La politica deve fare due cose: la prima: modificare il sistema fiscale, (smettendo di tassare fortemente il lavoro e tassando invece i mercati finanziari); la seconda: favorire tramite opportune leggi la nascita di imprese che non hanno il profitto come fine, cioè le imprese sociali.  "Fine delle imprese sociali è creare i posti di lavoro oppure perseguire finalità di utilità sociale. L’impresa sociale produce una particolare categoria di servizi alla persona – come sanità, educazione, assistenza ai bambini, anziani. Per fare questo lavoro ci vogliono delle persone, non nuove tecnologie o robot."

 

Il secondo piano d’intervento é riguarda il mondo dell’impresa. Non basta più la "responsabilità legale" ci vuole anche la responsabilità nei confronti della società. La vera Responsabilità Sociale dell’Impresa sta nel creare i posti di lavoro, non tanto nel fare beneficienza. L’Impresa dovrebbe farsi carico dei destini di quelli che vivono nel suo territorio. L’altro aspetto è quello di Responsabilità Famigliare dell’Impresa. “…. sia il lavoro che la famiglia sono valori fondamentali: occorre studiare politiche di riconciliazione per far sì che lavoro e famiglia possano andare avanti in parallelo. Tutto questo avviene nelle imprese dell’economia di comunione che, cercando di tradurre questi principi e di metterli in pratica, hanno successo.Come tutti hanno delle difficoltà, ma hanno capito che l’unità dei valori rafforza e sopratutto aumenta l’innovazione e la creatività. Perché dove c’è l’armonia, c’è più innovazione e creatività. Non basta più quindi la responsabilità legale (rispettare le leggi, pagare le tasse, non sfruttare le persone, l’ambiente). Ci vuole la responsabilità sociale e sopratutto della famiglia. Questo significa valorizzare i luoghi di lavoro.”

 

Il terzo piano di interventi è quello che riguarda la Società Civile. “Il suo compito è aggregare la domanda perché si possano ottenere risultati significativi sul fronte dell’occupazione.”

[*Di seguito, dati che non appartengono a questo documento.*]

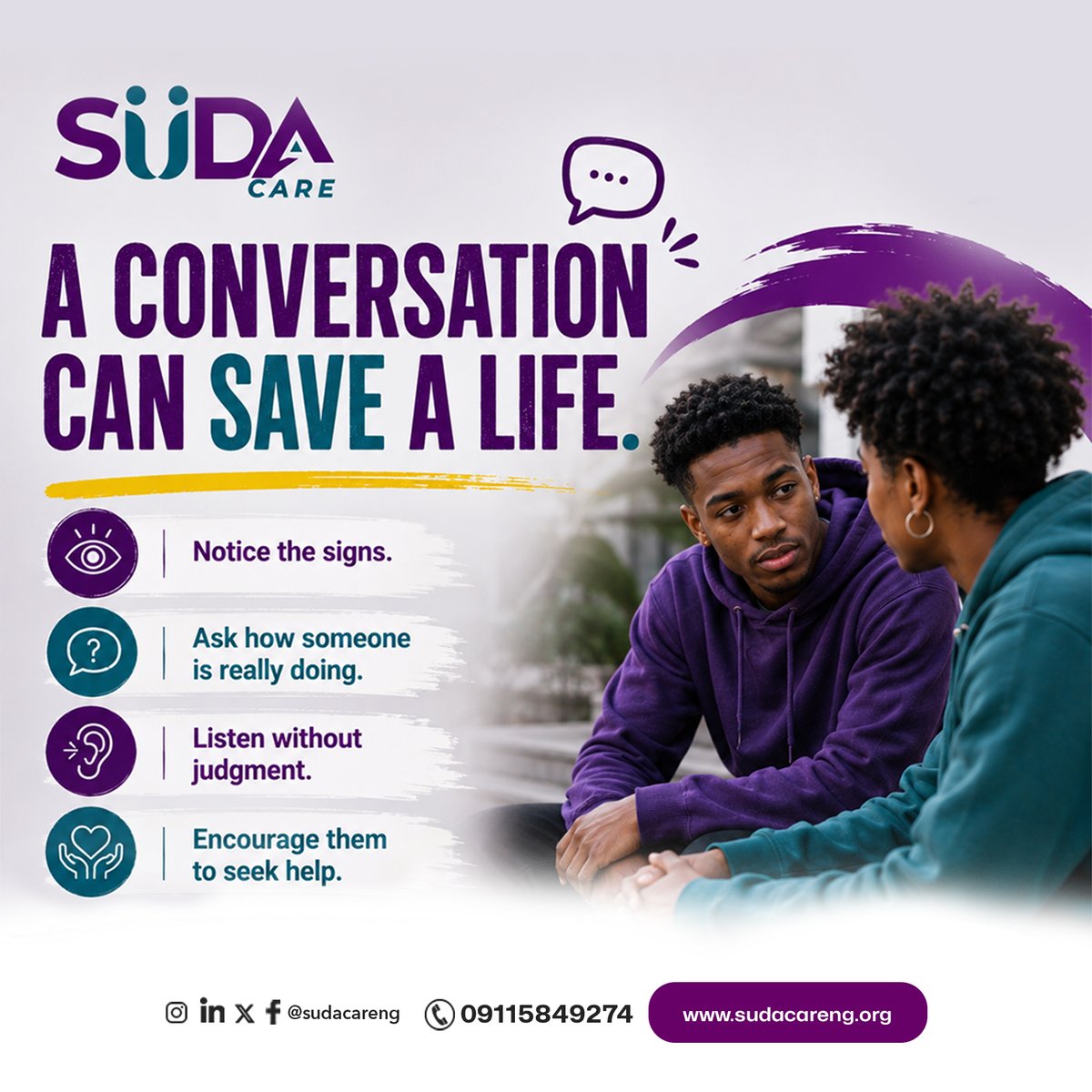 sudacareng's tweet photo. Sometimes, the most important thing someone needs is to know that they are not alone.

A simple “How are you really doing?” can open the door to a conversation that matters. Listen without judgment, pay attention to the signs, and encourage help when it’s needed.

#SUDAcare https://t.co/WfydkUIxiV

Alla fine del suo intervento il prof. Zamagni concludeva: “Dite a vostri amici imprenditori di andare a passare un weekend a Loppiano. Ho visto tanti imprenditori, dopo esser stati 2-3 giorni nella cittadella di Loppiano, tornare a casa trasformati. Perché non avevano mai pensato che con attività delle imprese si potesse fare tanto bene, e sopratutto essere in gioia. Dare agli imprenditori la possibilità di fare del bene ed essere in gioia è un dono che possiamo far loro”.